RECORDS TO USE:
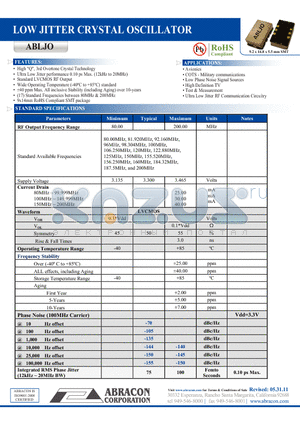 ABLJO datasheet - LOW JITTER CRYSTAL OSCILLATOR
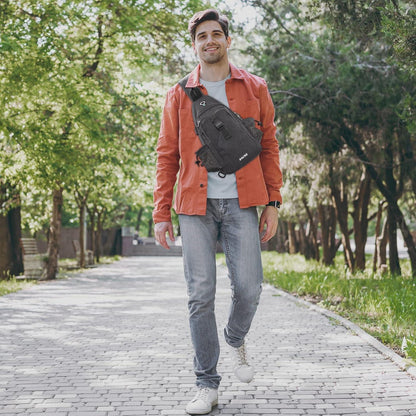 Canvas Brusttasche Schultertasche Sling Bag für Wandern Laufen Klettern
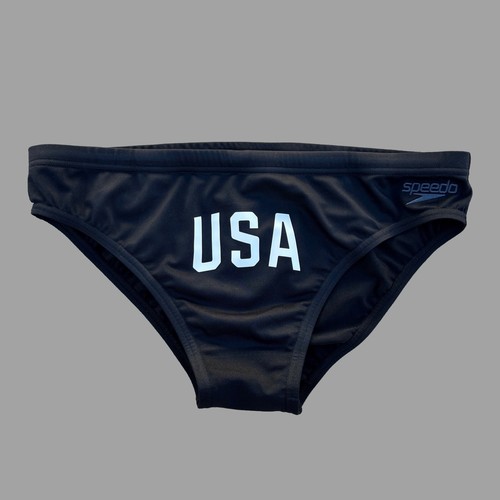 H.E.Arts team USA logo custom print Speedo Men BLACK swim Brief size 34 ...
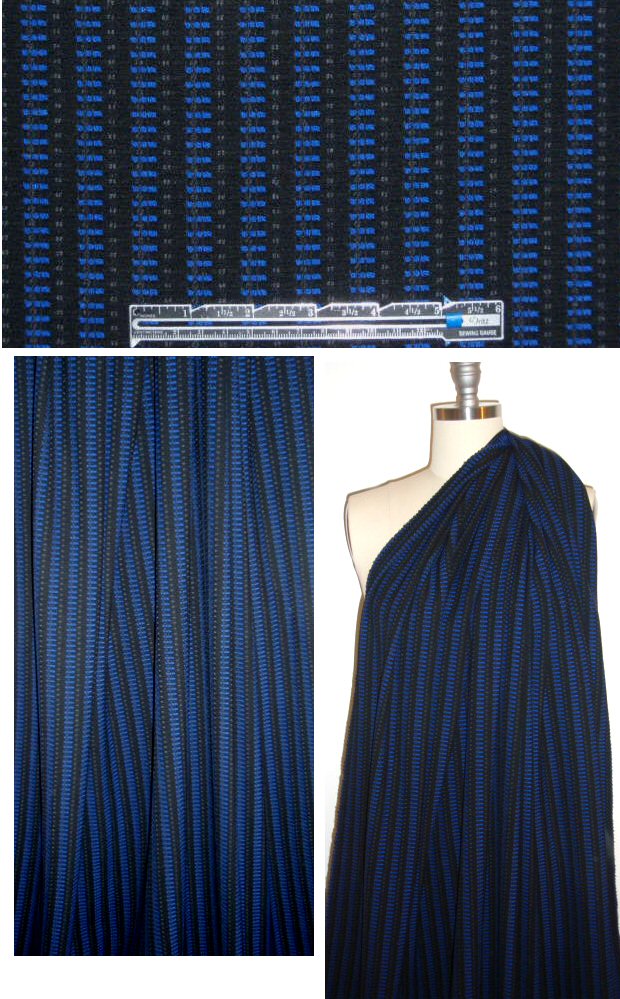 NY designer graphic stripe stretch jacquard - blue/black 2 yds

--

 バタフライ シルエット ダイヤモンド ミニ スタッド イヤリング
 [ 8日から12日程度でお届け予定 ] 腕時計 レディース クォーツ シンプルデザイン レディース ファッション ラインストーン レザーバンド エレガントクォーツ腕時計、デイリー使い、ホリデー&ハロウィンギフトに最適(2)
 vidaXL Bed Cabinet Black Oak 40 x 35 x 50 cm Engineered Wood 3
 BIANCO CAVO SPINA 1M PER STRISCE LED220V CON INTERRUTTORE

GOAL OF THE EXERCISE: Could you repeat, exactly, only the lines above starting at the one that has "ABLJO datasheet - LOW" and stopping after the one that has "NY designer graphic", without the pictures?

COMPLETED EXERCISE:
 ABLJO datasheet - LOW JITTER CRYSTAL OSCILLATOR
 Canvas Brusttasche Schultertasche Sling Bag für Wandern Laufen Klettern
 H.E.Arts team USA logo custom print Speedo Men BLACK swim Brief size 34 ...
 NY designer graphic stripe stretch jacquard - blue/black 2 yds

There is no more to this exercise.